Besonders erschreckend ist die Studie punkto Alter: Mädchen wird von Kindsbeinen an eingetrichtert, dass Männer die Welt erklären. Jungs werden von Kindsbeinen an darauf getrimmt, alles zu können und überall dabei zu sein – denn ab 40 dürfen sie sich nur noch mit Frauen unter 40 beschäftigen, während sie ihre Zeitgenossinnen effektiv und effizient aus Job, Finanzen, Politik und Wissenschaft drängen.

Hauptakteure in Film und Fernsehen sind selbstverständlich Männer. Der Anteil der Protagonistinnen ist erschreckend gering (33%). Sogar im Kinderfernsehen dominieren die männlichen Protagonisten mit 72 Prozent. Wohlverstanden: Die Studie redet hier von Einhörnern und anderen Fantasiefiguren oder Plüschtieren. Im Kinderfernsehen erklären durchwegs die Männer den Kindern die Welt. Auf eine Fantasiefigur mit weiblicher Stimme kommen 9 (!) Fantasiefiguren mit männlicher Stimme.

Frauen kommen in Film und Fernsehen nicht als eigenständige Subjekte, sondern als Beziehungspersonen und Partnerinnen vor. Deshalb sind Frauen einzig in Telenovelas und Daily Soaps gegenüber Männern nicht untervertreten. Hingegen kommt ein Drittel der Fernsehvollprogramme sogar ganz ohne weibliche Protagonistinnen aus – und nur 15 % ohne männliche Darsteller.

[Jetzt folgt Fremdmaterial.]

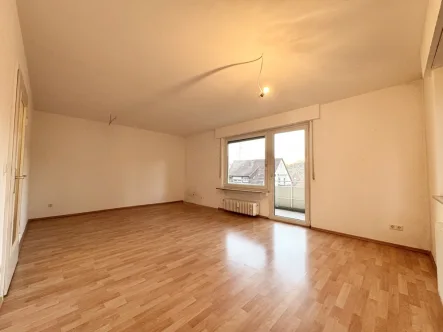 Wohnzimmer - Wohnung kaufen in Stuttgart - Gemütliche Stadtwohnung mit Potenzial!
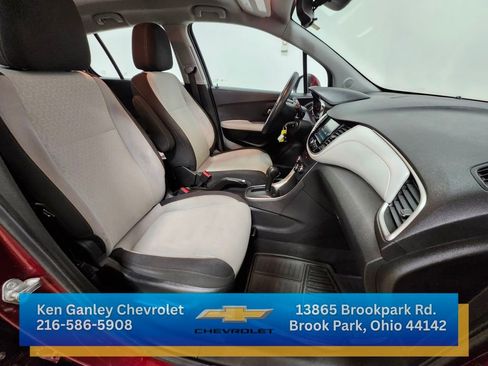 Used 2017 Chevrolet Trax LS image 24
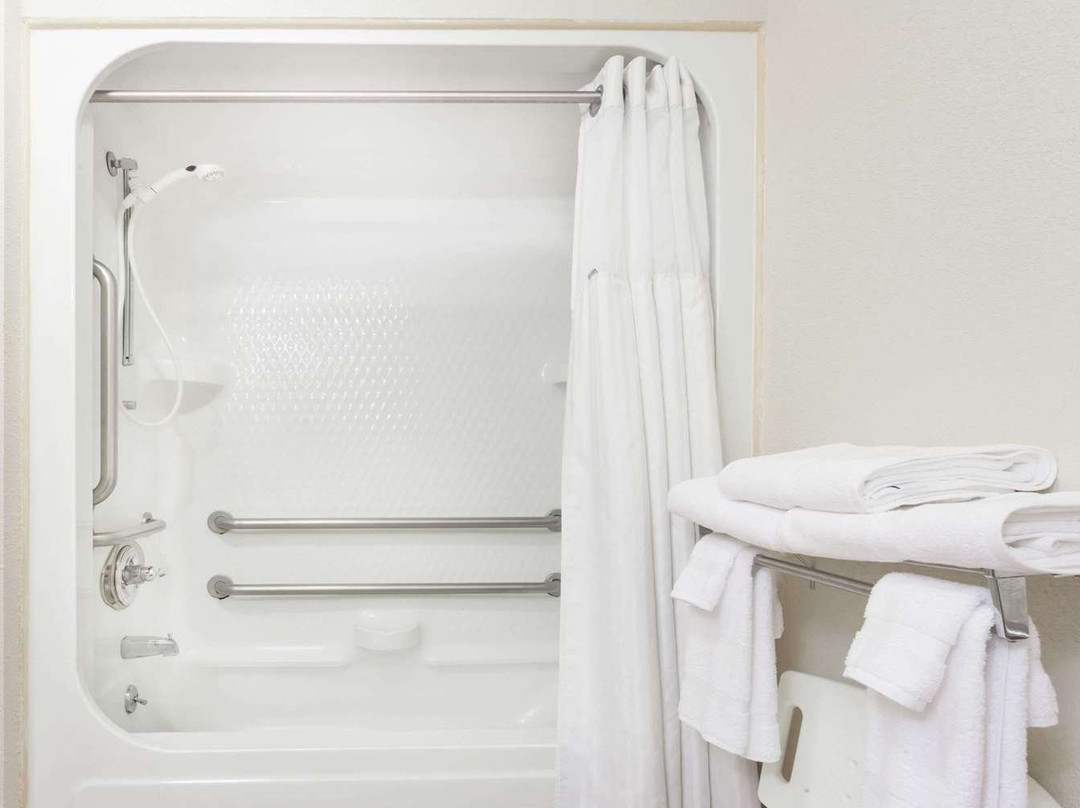 Ramada Limited Tell City主图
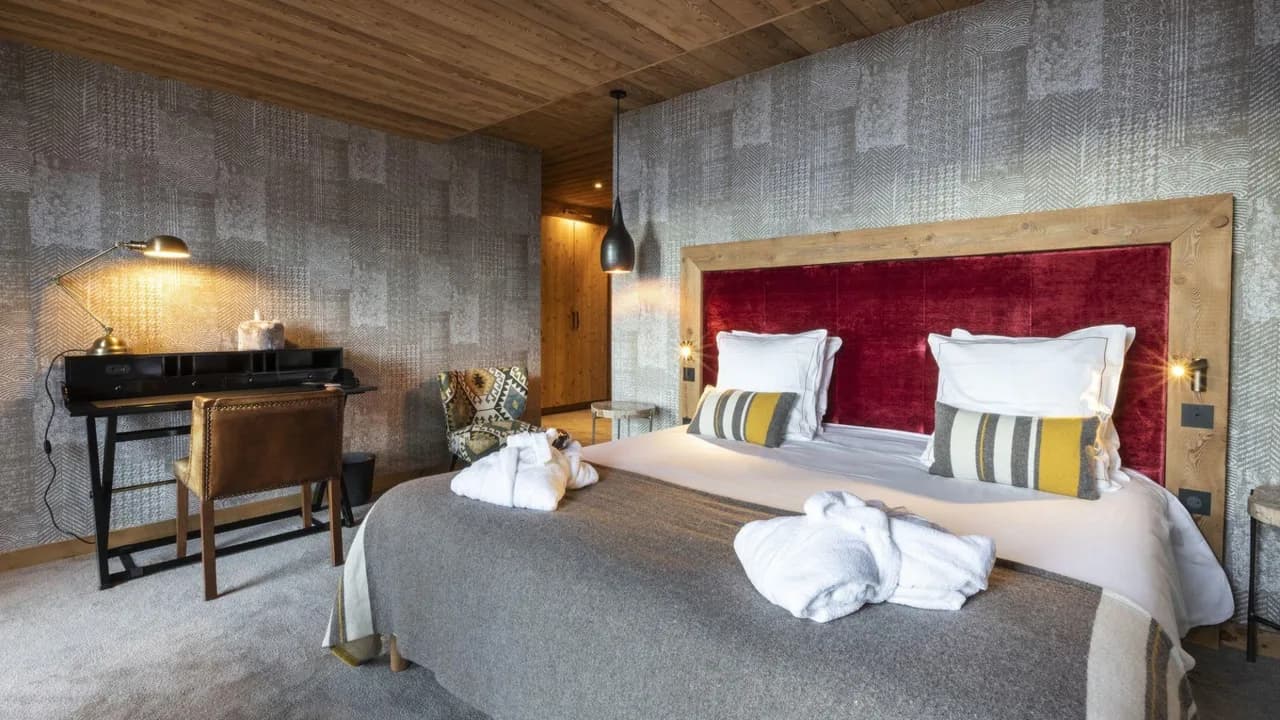 Stylish Chalet With Fireplace Charm photo 2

Männer jeden Alters füllen Film und Fernsehen, Frauen erscheinen nur jung. Ab 50 kommt höchstens eine Frau auf drei Männer. Krass ist die Ungleichverteilung bei den Experten: Die sind zu 79 Prozent männlich - es sei denn, es handelt sich um ein Frauen- und Gesundheitsthema.

«Mansplaining» ist also nicht nur ein Hashtag, sondern zeigt sich in allen Bereichen. Hier nun in den audiovisuellen Medien in Deutschland: Männer erklären die Welt. Dass sich die öffentlich-rechtlichen Anstalten dies nicht mehr leisten können und dies schon längst nicht mehr ihrem demokratischen Gleichstellungsauftrag entspricht, erklärt sich von selbst.

Erfrischend an der Studie ist die kurze, knappe und klare Zusammenfassung in vier Punkten, die es verdienen, hier zitiert zu werden: «1. Frauen sind deutlich unterrepräsentiert. 2. Altersgap: Wenn Frauen vorkommen, dann als junge Frauen. Ab 30 Jahren kommen Frauen sukzessive seltener vor. 3. Männer erklären die Welt: Sie sind die Experten, Gameshow-Moderatoren, Journalisten und Sprecher. 4. The Future is equal? Nicht, wenn es nach dem Kinderfernsehen geht.»